REQUIRED WORK -> Restate the data word for word. Leave the pictures out.

INFORMATION SHOWN ->
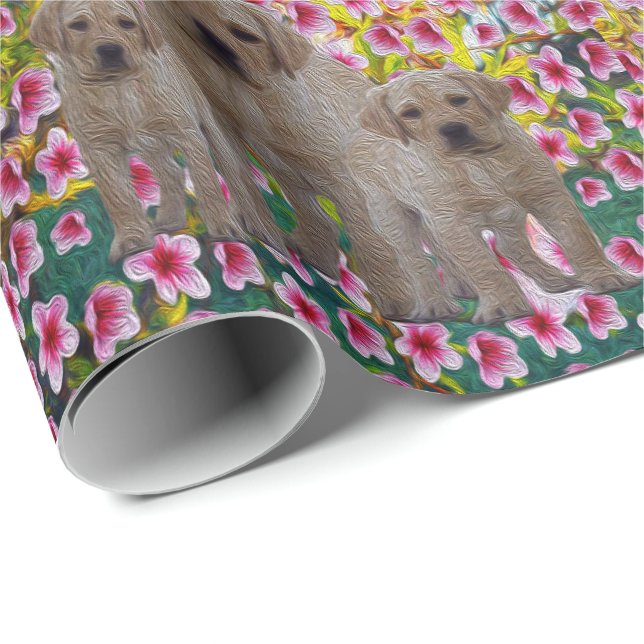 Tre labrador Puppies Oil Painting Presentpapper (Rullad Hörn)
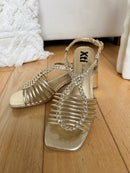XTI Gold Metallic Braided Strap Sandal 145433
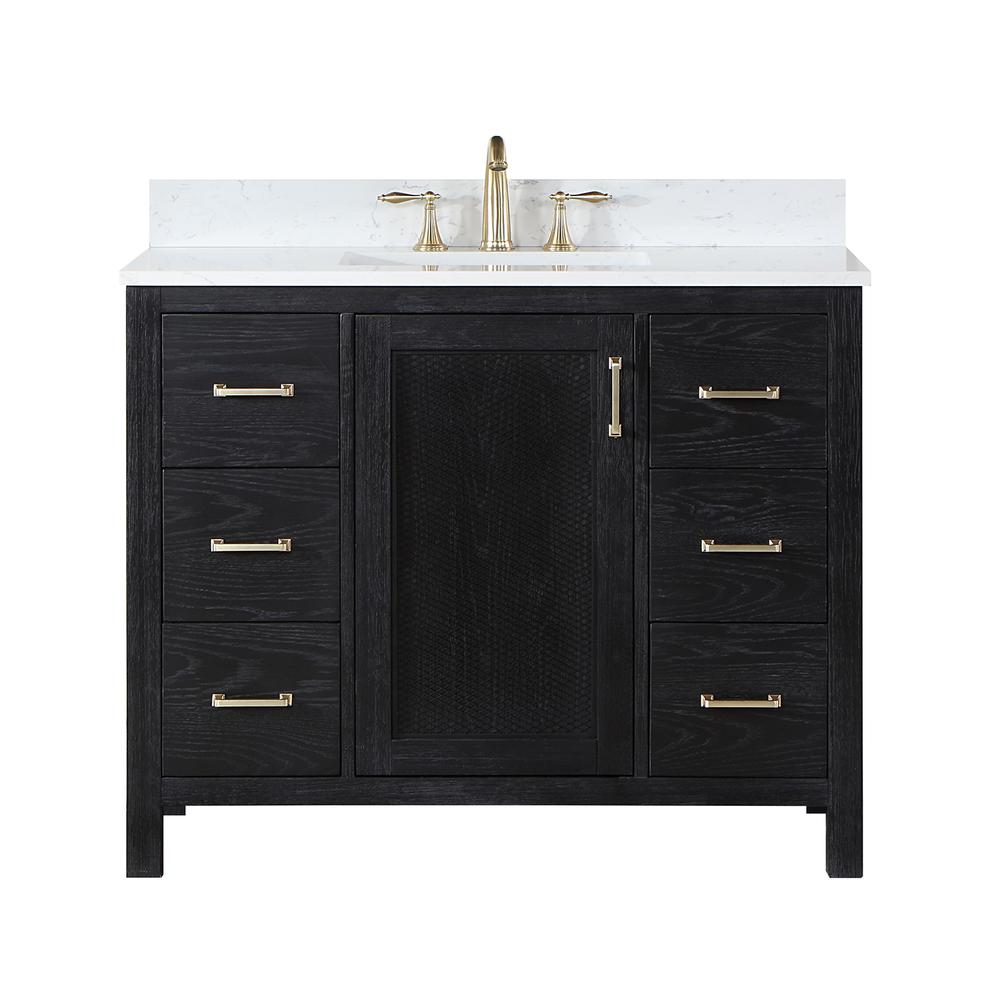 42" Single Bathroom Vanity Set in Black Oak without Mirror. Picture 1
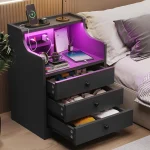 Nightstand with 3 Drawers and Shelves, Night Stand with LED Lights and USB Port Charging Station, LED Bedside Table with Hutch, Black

RESULT ->
 Tre labrador Puppies Oil Painting Presentpapper (Rullad Hörn)
XTI Gold Metallic Braided Strap Sandal 145433
 42" Single Bathroom Vanity Set in Black Oak without Mirror. Picture 1
 Nightstand with 3 Drawers and Shelves, Night Stand with LED Lights and USB Port Charging Station, LED Bedside Table with Hutch, Black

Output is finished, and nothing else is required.